Canada’s oil sands output will grow steadily through 2020 on the back of a series of new start-ups, but the outlook turns sour soon after as operators defer new investments due to low oil prices.
ExxonMobil has started output at its Kearl expansion several months ahead of schedule, doubling capacity to 220,000 b/d. It also started its Cold Lake Nabiye expansion, which will lift output to 40,000 b/d by the end of 2015 from 12,000 b/d in late February.
ConocoPhillips’ Surmont phase 2 project is on track to start up in the third quarter, which will raise gross capacity to 150,000 b/d by the end of 2017 from 27,000 b/d now.

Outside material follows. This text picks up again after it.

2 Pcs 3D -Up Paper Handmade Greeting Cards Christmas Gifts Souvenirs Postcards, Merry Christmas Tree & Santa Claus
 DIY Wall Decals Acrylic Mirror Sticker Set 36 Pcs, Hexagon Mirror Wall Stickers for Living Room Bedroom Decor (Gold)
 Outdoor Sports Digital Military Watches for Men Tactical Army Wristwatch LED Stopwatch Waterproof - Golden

Canada’s Husky Energy started the first 30,000 b/d plant at its Sunrise project in March, with the second 30,000 b/d plant expected to follow in September.
Canadian firms Cenovus’ Christina Lake phase F, Canadian Natural Resources’ Horizon phase 3 and Suncor’s Fort Hills venture are still on track for start-up after 2015.
Oil sands output will rise by 6pc to 2.29mn b/d this year, and to 3.07mn b/d by 2020, Canadian oil industry association Capp says. But Capp has cut its 2030 forecast for total Canadian output by 17pc since last year’s projection to 5.3mn b/d, reflecting an expected slowdown in oil sands investment decisions because of lower oil prices. It now expects crude production to grow from 3.7mn b/d last year to 5.3mn b/d by 2030, down 1.1mn b/d from last year’s forecast.
Energy regulator the National Energy Board in March estimated that over 500,000 b/d of planned oil sands capacity had been cut since June 2014.
Low prices aside, they also face another headwind. Producers could lose up to $100bn over the next 15 years if no new crude pipelines are built to increase take away capacity from the oil sands in western Canada, according to consultancy Wood Mackenzie.